The following options are supported by numatop:
.PP
-s sampling_precision
.br
normal: balance precision and overhead (default)
.br
high: high sampling precision (high overhead)
.br
low: low sampling precision, suitable for high load system
.PP
-l log_level
.br
Specifies the level of logging in the log file.
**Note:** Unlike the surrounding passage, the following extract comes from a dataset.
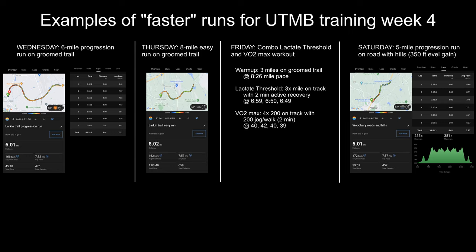Friday evening I ran a combo lactate threshold and VO2 max workout. Three-mile warm-up on groomed trails, then a lactate threshold workout: three times a mile with a two-minute active recovery at 6:59, 6:50, and 6:49 per mile. After a short break, I did the VO2 max part of the workout: four by 200 with a 200 jog-walk, about a two-minute recovery, at 40, 42, 40, and 39 seconds. It was a hard workout and I did a separate video, the link is above.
Valid values are:
.br
1: unknown (reserved for future use)
.br
2: all
.PP
-f log_file
.br
Specifies the log file where output will be written. If the log file is
not writable, the tool will prompt "Cannot open '<file name>' for writting.".
.PP
-d dump_file
.br
Specifies the dump file where the screen data will be written. Generally the dump
file is used for automated test. If the dump file is not writable, the tool will
prompt "Cannot open <file name> for dump writing."
.PP
-h Displays the command's usage.
.PP
-t duration
.br
Specifies run time duration in seconds.
.PP
.SH EXAMPLES
Example 1: Launch numatop with high sampling precision
.br
numatop -s high
.PP
Example 2: Write all warning messages in /tmp/numatop.log
.br
numatop -l 2 -o /tmp/numatop.log
.PP
Example 3: Dump screen data in /tmp/dump.log
.br
numatop -d /tmp/dump.log
.PP
.SH EXIT STATUS
.br
0: successful operation.
.br
Other value: an error occurred.
.PP
.SH USAGE
.br
You must have root privileges to run numatop.
.br
Or set -1 in /proc/sys/kernel/perf_event_paranoid
.PP
\fBNote\fP: The perf_event_paranoid setting has security implications and a non-root
user probably doesn't have authority to access /proc. It is highly recommended
that the user runs \fBnumatop\fP as root.
.PP
.SH VERSION
.br
\fBnumatop\fP requires a patch set to support PEBS Load Latency functionality in the
kernel. The patch set has not been integrated in 3.8. Probably it will be integrated
in 3.9. The following steps show how to get and apply the patch set.
.PP
1. git clone git://git.kernel.org/pub/scm/linux/kernel/git/tip/tip.git
.br
2. cd tip
.br
3. git checkout perf/x86
.br
4. build kernel as usual
.PP
\fBnumatop\fP supports the Intel Xeon processors: 5500-series, 6500/7500-series,
5600 series, E7-x8xx-series, and E5-16xx/24xx/26xx/46xx-series.
\fBNote\fP: CPU microcode version 0x618 or 0x70c or later is required on
E5-16xx/24xx/26xx/46xx-series. It also supports IBM Power8, Power9, Power10 and Power11 processors.